On Fri, 6 Sep 2002 sgorman1@gmu.edu wrote:
You also have the problem of cascading failures. Just because there are redundant paths and alternate peering locations does not mean those facilites have the bandwidth to handle all the redirected traffic. If A gets swamped you go to B if the redrected traffic is to much for B then you go to C and so on - each time the amount of traffic increases and the avialble bandwidth decreases. According to the analysis I've seen and run on the the Baltimore incident this is the jest of how a few cut lines rippled across the Internet. I would think Alex's scenario would have a bigger impact than that incident.

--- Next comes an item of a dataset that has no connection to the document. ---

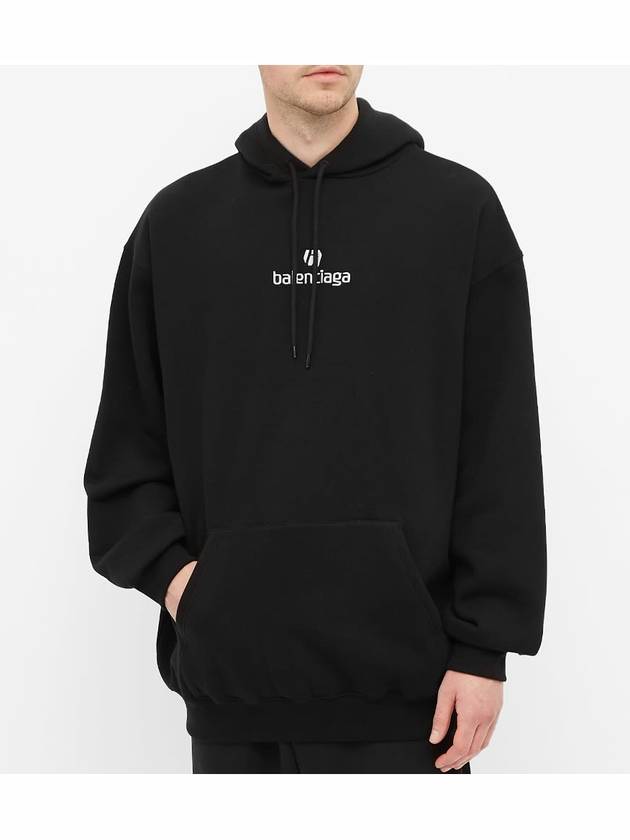 Men's White Embroidered Logo Hoodie Black - BALENCIAGA - BALAAN.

For some reason, I guess since Baltimore is near Washington DC, this incident seems to have captured the imagination of folks in Washington DC. Although some brand-name providers were impacted by this incident, it had minimal impact on other providers. Essentially every major Internet exchange point has failed at one time or another. In the past, there has been simultaneous failures in at least three different locations. The problem with your analysis is that's not what happens on the Internet. One of the current issues of Internet traffic engineering is traffic doesn't roll over to alternate paths B or C when the primary path A is congested. This is a traditional design in the switched telephone network, but not common in the Internet. Internet traffic tends to follow the "best" available route. Unlike phone calls, TCP traffic doesn't occur in fixed bandwidth increments. TCP traffic, 90% of Internet traffic, is elastic. By design, TCP adjusts the traffic rate to keep the bottleneck congested. As the bottleneck moves, traffic reacts by increasing or decreasing the rate to match the available capacity. This feedback occurs independently of what is happening on nearby traffic paths. Even if there is available capacity on elsewhere, the current Internet design is not very good at using it. Some people view this as an inefficient use of available capacity, other people view it as a self-protective mechanism. In today's Internet, the type of cascading failure you postulated probably won't happen. The design goal of the Internet is not to keep every part of the network operating under every condition, but failures in part of the network should not disrupt other parts of the network. That's why during the Baltimore train tunnel you saw some providers with severe problems in parts of their network, but other providers didn't experience any slowdowns in their networks. I wouldn't be surprised if a few people even experienced an improvement in their traffic that day. There are vendors trying to sell systems which will "steer" traffic through alternate paths seeking to avoid congestion. In addition there are things like IEPREP which are seeking to bypass the congestion feedback controls for selected traffic. It is unclear to me what impact these will have on Internet traffic during a crisis. It is possible these improvements will in fact make the Internet more brittle.